Amendment Pile-On: Where Beef and Immigration Reform Collide
PHOTO: Sen. Marco Rubio, R-Fl., talks with reporters about immigration reform on his way to the luncheons in the U.S. Capitol, May 7, 2013.

Image credit: Douglas Graham/Roll Call/Getty Images

What does U.S. beef in South Korea have to do with immigration reform?

Well, nothing. Except that Senate Judiciary Committee ranking member Sen. Chuck Grassley, R-Iowa, has proposed tying visas for certain South Korean applicants to the South Korean government's decision to allow the importation of U.S. beef.

That is one of the 77 amendments that Grassley has single-handedly proposed to the immigration bill that is under consideration in the Senate. And those 77 amendments are a fraction of the whopping 284 total amendments to the bill that the Senate Judiciary Committee released Tuesday.

Unsurprisingly, there were a few with questionable connections to the bill at hand.

Take the amendment of Sen. Sheldon Whitehouse, D-R.I., aimed at allowing the attorney general to deny firearm transfers and licenses to suspected terrorists.

No one, I'm sure, wants to let terrorists get their hands on weapons, but it's doubtful that this particular amendment has much to do with the availability of visas. And it's nearly guaranteed to catch the attention of pro-gun advocates closely watching any encroachment on the Second Amendment.

As it turns out, amendments are a great opportunity for Democrats and Republicans to transform a bill into something they like more. And there's also nothing stopping them from, in some cases, pursuing completely unrelated agendas.

For example: voter registration, an issue near and dear to the heart of many a Democrat.

Sen.

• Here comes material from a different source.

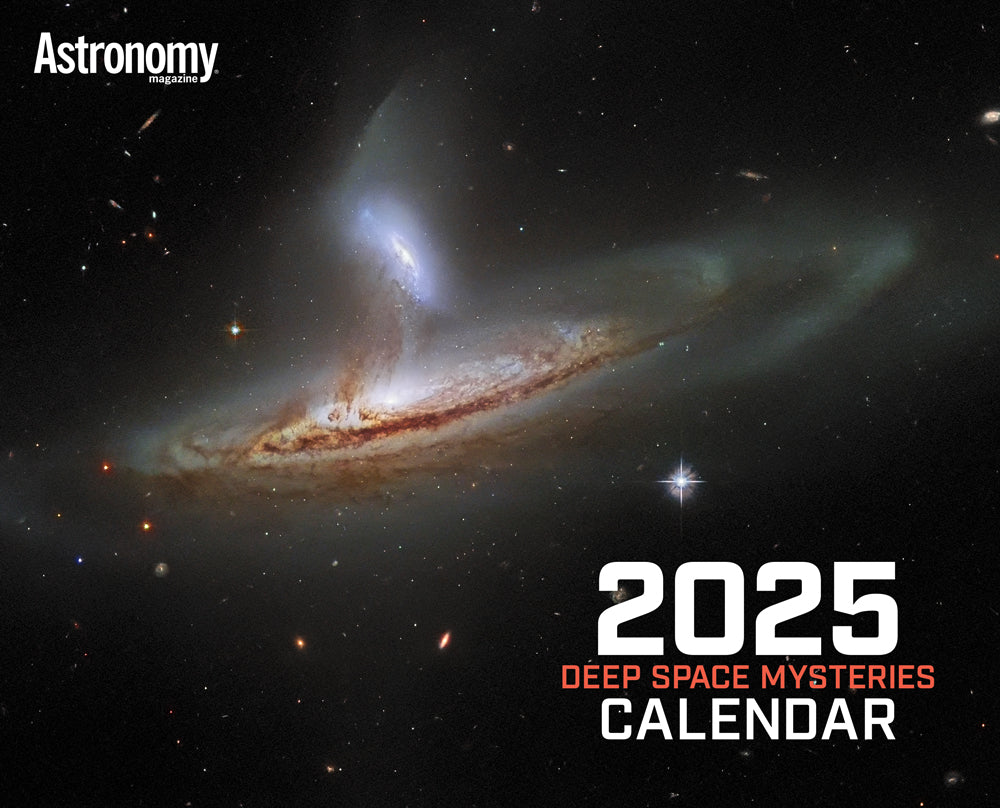 Did You Know? Amazing Space Discoveries in 2025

Chris Coons , D-Del., has proposed an amendment that would withhold grants aimed at helping states implement the law until those states can prove that they are complying with a different law that makes it easier to register and update voter rolls at the Department of Motor Vehicles.

And not to be left out, Sen. Orin Hatch, R-Utah, has proposed a new section of the bill that cracks down on the manufacture of controlled substances on federal land.

Not an unreasonable request, but it's unclear what, if anything, it has to do with immigration.

Oh, and hats off to Sen. Dick Durbin, D-Ill., who resisted the urge to add to the amendment pile on.